1000000 loops, best of 3: 877 ns per loop


This is much better! So now you can access 1 of multiple items on disk with a pretty good performance.

#### Calculating stats: mean and std

Another benefit of using arrays on disk is that you can calculate the mean and std deviation of the entire dataset. 

It takes a considerable time since the array is very big (10GB), but it's feasible:

- mean (0.4999966):  1 min 45 s
- std  (0.2886839): 11 min 43 s 

in my laptop. 
If you need them, you could calculate these stats once, and store the results (similar to ImageNet stats).
However, you usually need to claculate these metrics for labeled (train) datasets, that tend to be smaller.

In [79]:
# X_mean = X_on_disk.mean()
# X_mean

In [38]:
# X_std = X_on_disk.std()
# X_std

#### Conversion into a tensor

Conversion from an array on disk slice into a tensor is also very fast:

In [80]:
torch.from_numpy(X_on_disk[0])

tensor([[0.3480, 0.0409, 0.7991,  ..., 0.3777, 0.8189, 0.1730],
        [0.6830, 0.6505, 0.3794,  ..., 0.8085, 0.0401, 0.2904],
        [0.9397, 0.8936, 0.1605,  ..., 0.1501, 0.3451, 0.1875],
        ...,
        [0.0391, 0.2725, 0.3283,  ..., 0.9184, 0.6712, 0.3944],
        [0.7407, 0.1652, 0.1856,  ..., 0.1838, 0.3054, 0.3580],
        [0.2749, 0.7390, 0.9457,  ..., 0.1828, 0.6705, 0.9530]])

In [81]:
X_on_disk_small_0 = X_on_disk_small[0]
X_in_memory_small_0 = X_in_memory_small[0]

In [82]:
%timeit torch.from_numpy(X_on_disk_small_0)

The slowest run took 44.11 times longer than the fastest. This could mean that an intermediate result is being cached.
1000000 loops, best of 3: 1.13 µs per loop


In [83]:
%timeit torch.from_numpy(X_in_memory_small_0 )

The slowest run took 46.27 times longer than the fastest. This could mean that an intermediate result is being cached.
1000000 loops, best of 3: 1.16 µs per loop


So it takes the same time to convert from numpy.memmap or from a np.array in memory is the same.

#### Combined operations: slicing plus conversion to tensor

Let's now check performance of the combined process: slicing plus conversion to a tensor. Based on what we've seen there are 3 options: 

- slice np.array in memory + conversion to tensor
- slice np.memamap on disk + conversion to tensor
- slice itemified np.memmap + converion to tensor

In [84]:
%timeit torch.from_numpy(X_in_memory_small[0])

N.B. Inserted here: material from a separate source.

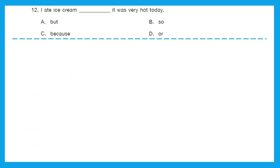Question 12: 'I eat ice cream dash it was very hot today.' The conjunction 'because' is used to combine two sentences and give a reason. That means I eat ice cream and the reason was it was very hot today. So option C, 'because,' is the right answer.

The slowest run took 76.50 times longer than the fastest. This could mean that an intermediate result is being cached.
1000000 loops, best of 3: 1.44 µs per loop


In [85]:
%timeit torch.from_numpy(X_on_disk_small[0])

The slowest run took 24.08 times longer than the fastest. This could mean that an intermediate result is being cached.
100000 loops, best of 3: 3.89 µs per loop


In [86]:
X_on_disk_small_as_items = itemify(X_on_disk_small)

In [87]:
%timeit torch.from_numpy(X_on_disk_small_as_items[0][0])

The slowest run took 23.52 times longer than the fastest. This could mean that an intermediate result is being cached.
100000 loops, best of 3: 2.35 µs per loop


So this last method is **almost as fast as having the array in memory**!! This is an excellent outcome, since slicing arrays in memory is a highly optimized operation. 

And we have the benefit of having access to very large datasets if needed.

## Remove the arrays on disk

Don't forget to remove the arrays you have created on disk.

In [88]:
os.remove('./data/X_on_disk.npy')
os.remove('./data/X_on_disk_small.npy')
os.remove('./data/y_on_disk.npy')

## Summary ✅

We now have a very efficient way to work with very large numpy arrays.

The process is very simple:

- create and save the array on disk (as described before)
- load it with a mmap_mode='c' if you want to be able to modify data in memory but not on dis, or 'r+ if you want to modify data both in memory and on disk.

So my recommendation would be:

- use numpy arrays in memory when possible (if your data fits in memory)
- use numpy memmap (arrays on disk) when data doesn't fit. You will still have a great performance.